A grease trap is a plumbing device used to intercept most greases and other repulsive semi-solids before they enter the wastewater system. When traps are not properly maintained, fats and oils get into the sewer lines. Pipes that were once 8 inches in diameter can rapidly be clogged to only 4 inches.

“The cold grease begins to clog and get hard,” Bagley told the council. “As soon as it hits a pipe or anything in the line that’s an obstruction, it stops up. Then you get a back-up, or manholes overflow, or it goes back into people’s homes.”

While elsewhere the nation’s infrastructure crumbles in the face of Tea Party-inspired frugality, South Carolina’s fifth-largest city is tackling needed maintenance head-on.

But not before several of the council’s conservatives asked some tough questions.

Council member Kevin Sutton reluctantly agreed to vote for the ordinance, despite the government intrusion it might mean for local businesses. Councilman John Black could not be convinced that keeping revolting sludge out of citizens’ homes was a priority, and cast the sole vote against the proposal.

The state Department of Health requires any establishment generating wastewater containing fats, oils or grease to have and maintain a grease trap. However, there is no enforcement provision.

It’s a bit like having laws against murder, but no police force to enforce them. Except that rotting, coagulated lard smells slightly worse than the decomposing bodies that would litter the landscape under a small-government system of law enforcement.

During the April session, several members expressed concern about the cost to businesses of the grease traps. Assistant manager Bagley pointed out that all local businesses already have the traps; they would just have to be working.

“Oh,” said one councilman at the time.

The new ordinance goes into effect in five months (if all Rock Hillians haven’t abandoned their increasingly repellent hometown by then).

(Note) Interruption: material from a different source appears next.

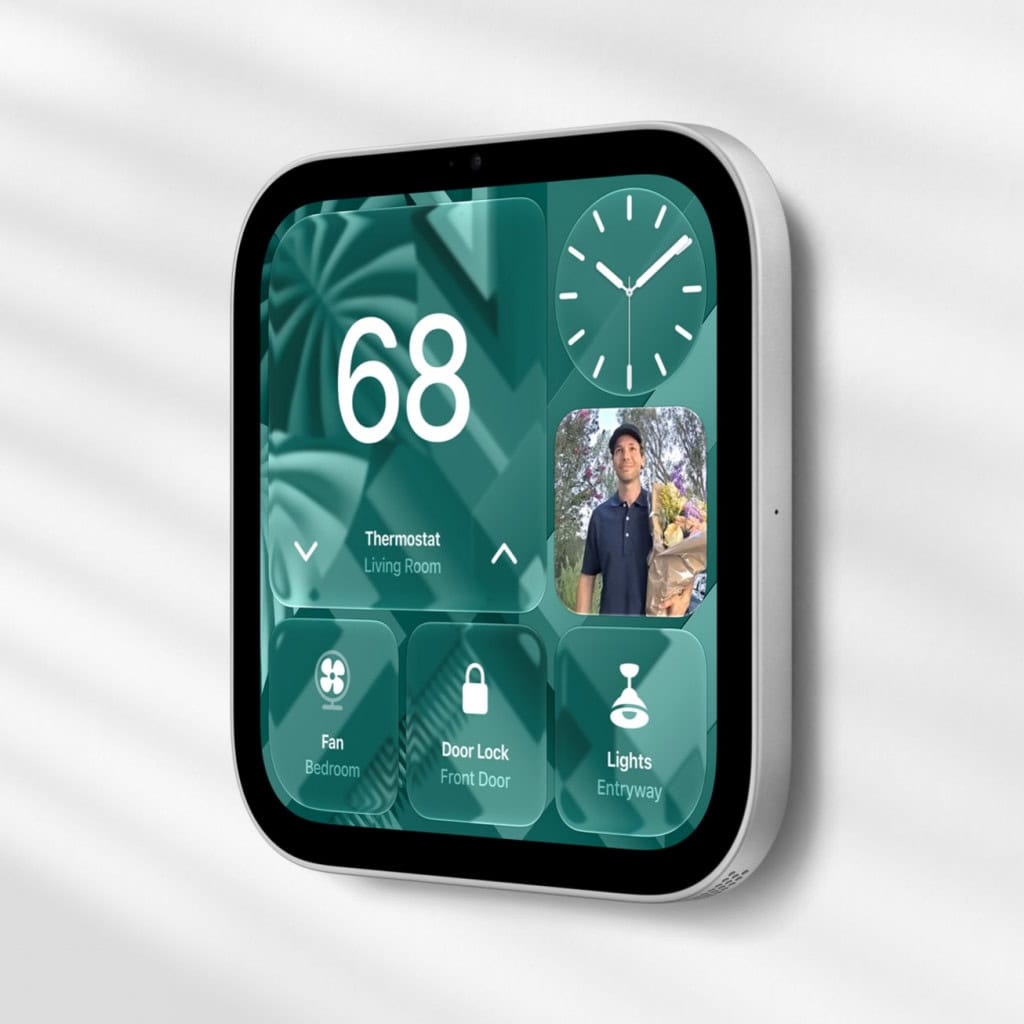 Apple HomeView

It will place fines on non-complying restaurants; a first re-inspection would cost $250 and a second one would run $500.

A full-time staff member will be hired to conduct up to 25 inspections a week, eventually getting to all 400 city establishments. No word yet if this job opening has been posted, nor if any of the county’s 20% unemployed work force will step forward to take a job as sickening as this one.

Conservatives surprisingly opted not to allow free-market forces to clean up the grease traps. Some libertarians may have suggested that diners not patronize offending restaurants until they made their own individual inspections and were assured that organic mire was being kept in check. Only then would they return to their seats and enjoy their appetizers.

Bagley said he hoped the ordinance would achieve three goals: education, inspection and enforcement.

“It allows us to participate in programs to let folks know that on a residential level, they can do their part as well,” Bagley said.

One of the main suggestions he had for residents is that they too refrain from pouring grease down their sinks.

“If everybody does their part, hopefully it’ll all fall into place,” he said.

“They’re asking private citizens to be responsible by not dumping shit into the city sewers?” a local Tea Party representative was expected to ask. “Americans should have the freedom to behave like animals in their own homes if they want to. As long as it doesn’t involve extramarital sex.”